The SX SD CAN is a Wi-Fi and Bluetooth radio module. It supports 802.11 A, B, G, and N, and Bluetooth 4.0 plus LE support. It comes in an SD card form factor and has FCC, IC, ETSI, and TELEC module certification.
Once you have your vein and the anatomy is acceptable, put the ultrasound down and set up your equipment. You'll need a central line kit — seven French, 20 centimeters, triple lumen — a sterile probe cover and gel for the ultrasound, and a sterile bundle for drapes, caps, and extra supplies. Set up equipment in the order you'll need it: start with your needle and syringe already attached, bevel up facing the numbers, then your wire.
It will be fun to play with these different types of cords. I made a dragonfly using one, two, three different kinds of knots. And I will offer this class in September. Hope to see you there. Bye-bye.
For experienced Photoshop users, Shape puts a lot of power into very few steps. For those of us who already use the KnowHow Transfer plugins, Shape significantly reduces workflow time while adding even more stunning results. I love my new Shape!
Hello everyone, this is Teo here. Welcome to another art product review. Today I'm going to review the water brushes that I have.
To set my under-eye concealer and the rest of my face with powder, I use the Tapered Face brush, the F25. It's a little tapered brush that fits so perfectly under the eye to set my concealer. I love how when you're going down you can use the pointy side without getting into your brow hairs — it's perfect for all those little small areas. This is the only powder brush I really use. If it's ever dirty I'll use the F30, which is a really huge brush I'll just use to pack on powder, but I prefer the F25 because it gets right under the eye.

________________

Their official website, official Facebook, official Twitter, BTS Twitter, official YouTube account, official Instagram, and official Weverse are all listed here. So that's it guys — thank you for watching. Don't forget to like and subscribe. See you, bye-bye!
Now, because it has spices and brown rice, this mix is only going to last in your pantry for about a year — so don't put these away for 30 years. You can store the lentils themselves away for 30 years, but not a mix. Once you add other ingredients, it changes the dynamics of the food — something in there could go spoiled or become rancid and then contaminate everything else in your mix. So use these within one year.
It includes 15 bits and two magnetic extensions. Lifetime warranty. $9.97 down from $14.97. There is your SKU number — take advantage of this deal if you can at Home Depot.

________________

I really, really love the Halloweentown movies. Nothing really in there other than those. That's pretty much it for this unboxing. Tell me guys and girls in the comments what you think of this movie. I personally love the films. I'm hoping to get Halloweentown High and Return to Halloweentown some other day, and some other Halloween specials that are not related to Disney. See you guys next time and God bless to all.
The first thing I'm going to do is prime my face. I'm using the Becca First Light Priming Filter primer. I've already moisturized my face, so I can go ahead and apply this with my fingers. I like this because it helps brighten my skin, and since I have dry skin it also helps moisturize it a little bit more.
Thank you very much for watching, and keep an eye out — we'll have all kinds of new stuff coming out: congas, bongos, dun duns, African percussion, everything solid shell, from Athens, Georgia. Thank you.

________________

- **Aim of the exercise**: Only one part of the material above is to be transcribed, namely the lines starting with the line that has "Now, because it" and going on through the line that has "It includes 15", exactly as they stand.

- **Problem solution**:
Now, because it has spices and brown rice, this mix is only going to last in your pantry for about a year — so don't put these away for 30 years. You can store the lentils themselves away for 30 years, but not a mix. Once you add other ingredients, it changes the dynamics of the food — something in there could go spoiled or become rancid and then contaminate everything else in your mix. So use these within one year.
It includes 15 bits and two magnetic extensions. Lifetime warranty. $9.97 down from $14.97. There is your SKU number — take advantage of this deal if you can at Home Depot.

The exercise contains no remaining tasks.